There are a few items Literacy India is successfully doing:

1) Teaching kids computer and useful vocational skills. This will give the students a huge advantage to establish a skill set and secure a job. Indha also builds skills and confidence, empowering the women involved.

2) Centers focus on local traditions, craft, challenges, and opportunities unique to that community.

3) Women involved in Indha have a voice. Their impute on pricing, design, strategy matters.

4) Job creation. Indha immediately creates jobs for women and the Literacy India school will help students land a future job.

5) The people involved in Literacy India who I met are passionate, dedicated, hard working, and have been involved for 5 years or more. That says a tremendous amount about the organization that is rapidly growing.

6) Trying an experimental approach. Literacy India tries a different way to education and creating a product. Both are much more dynamic and have huge potential for the students and women.

Additionally, there are a few opportunities that Literacy India might want to take a look at. This, of course, depends on the organization's goals and abilities. Below is merely a few suggestions. Working in non-profit, I understand the overwhelming amount of work in the midst of being understaffed and underfunded.

1) There are resources where people look to apply their skills over short or long time periods. This might be an interesting way to find talented people who would be great to have involved as volunteers. (Lonely Planet has a volunteerism book, etc)

2) Social Media. Find social enterprise organizations online and see what they're doing. Increase the presence of Literacy India on Facebook, blogs, and other online sources. Have volunteers who have visited spread LI to their own networks to increase awareness. Broadcast successes and new products, etc. Increase the amount of people who "like" and actively comment about LI on Facebook.

3) Look for fair trade / social enterprise-minded stores in the US to carry Indha products.

4) Re-engage students who have gone through Literacy India and see if they might best stay involved.

5) Look for a large quantity of small donors. From personal experience, during the economic slowdown in the US, securing big donors became more difficult. Having a larger base of smaller donors was the best method.

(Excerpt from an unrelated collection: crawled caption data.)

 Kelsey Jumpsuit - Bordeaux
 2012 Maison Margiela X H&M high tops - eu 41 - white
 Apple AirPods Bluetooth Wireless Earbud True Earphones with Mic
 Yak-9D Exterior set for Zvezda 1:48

6) Introduce each story behind the Indha artists associated with the various products. Use a photo and bio. It's done for students in school on the website, but having write-ups included with each Indha purchase would connect the buyer even more. People want to help good causes. They want to see a direct way that their purchase has improved the world.

7) Sell Indha products at high end hotel gift shops. They are great gifts for tourists - plus, a good way to promote Literacy India and spread awareness. There might even be people interested in visiting the store in Palam Vihar with a brief tour for a different experience in India. Many experienced tourists are looking for fresh, different things to do in India. They want to see a way India is changing for the better. International tourism could create a connection to more potential donors.

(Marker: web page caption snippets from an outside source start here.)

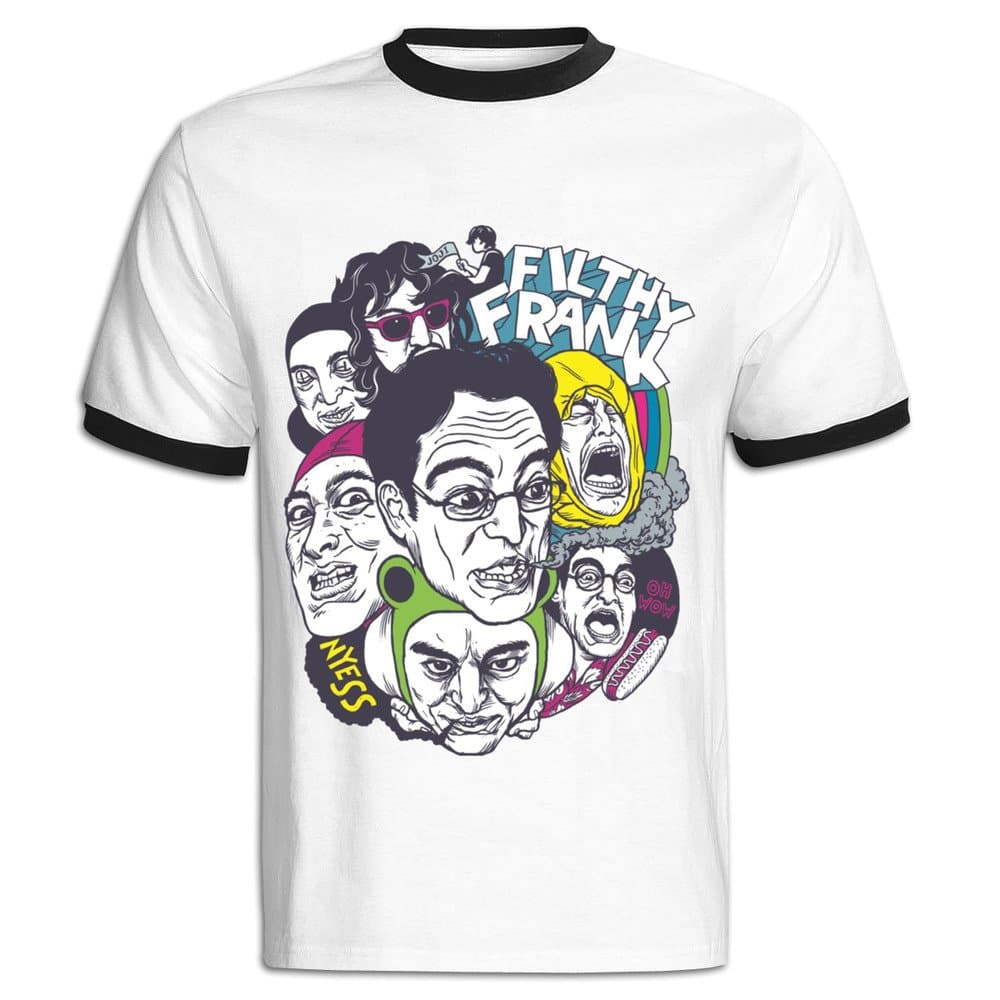 ETCHEN Men's Funny FILTHY FRANK Head Tshirts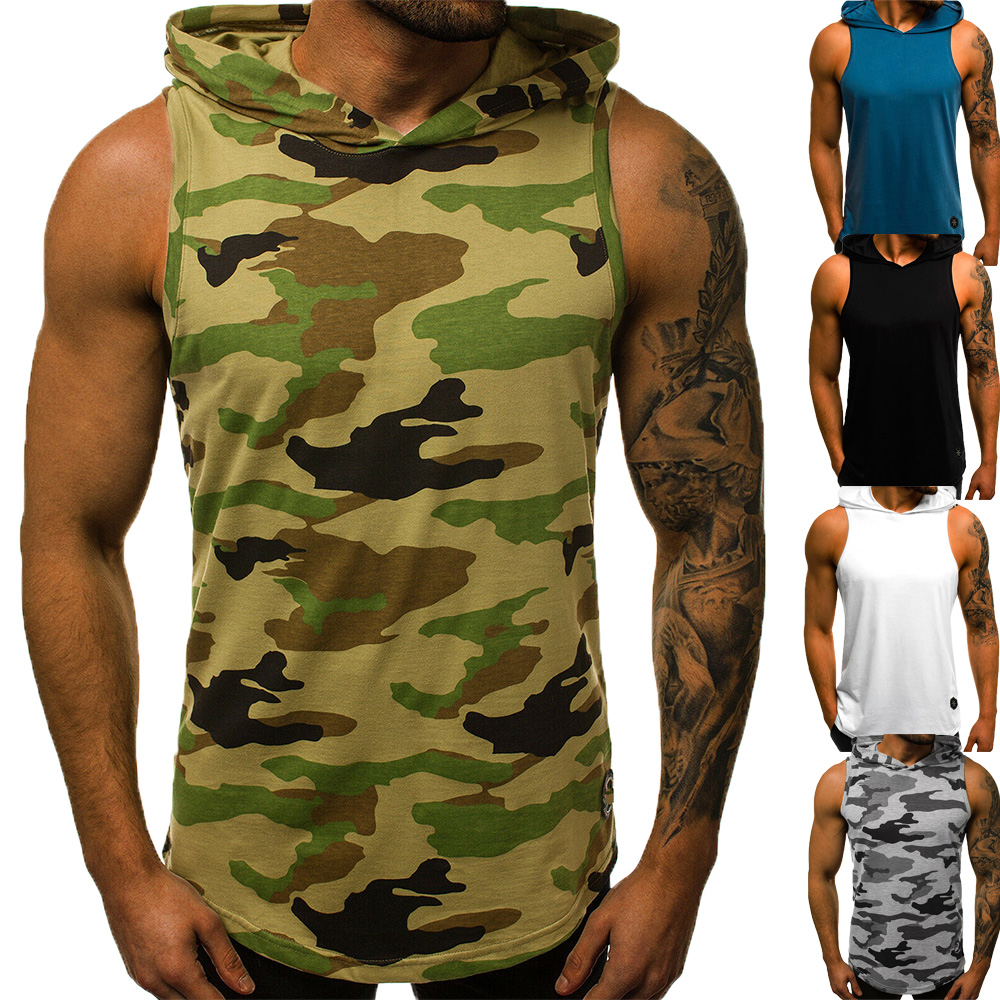 Canotta da uomo Streetwear Cam - Tank Top Muscle recensione e prezzo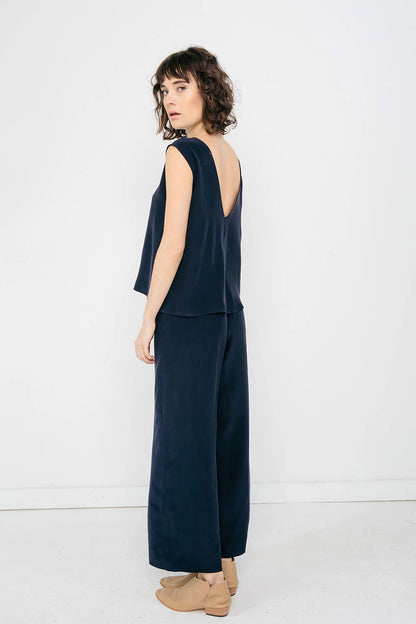 Marlena Tank in Silk Crepe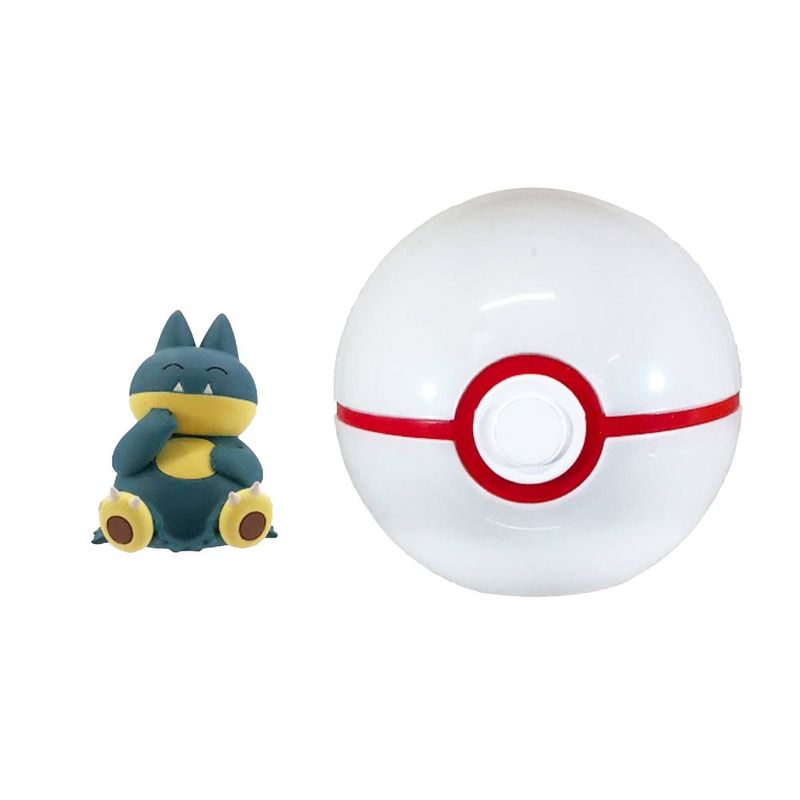 Pokemon Clip 'N Go Poke Ball Belt Set White/Red - Munchlax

8) See if the western corporations popping up in Gurgaon would be interested in sponsoring / getting involved. Many big companies have corporate social responsibility departments. That might be a good way for companies to support a good cause in their backyard.

That said, Literacy India's future is looking bright. I'll be interested to see how it continues to expand and move towards total sustainability. Right now, it appears to have the right people involved in the right capacity. As I mentioned, this is crucial for success. It's obvious that the individuals I met at Literacy india have the passion, motivation, dedication, and dynamic backgrounds to keep an organization like this growing as it has over the past 14 years. Thanks to all at Literacy India for their generous and thorough visit. It was a highlight during my trip to India.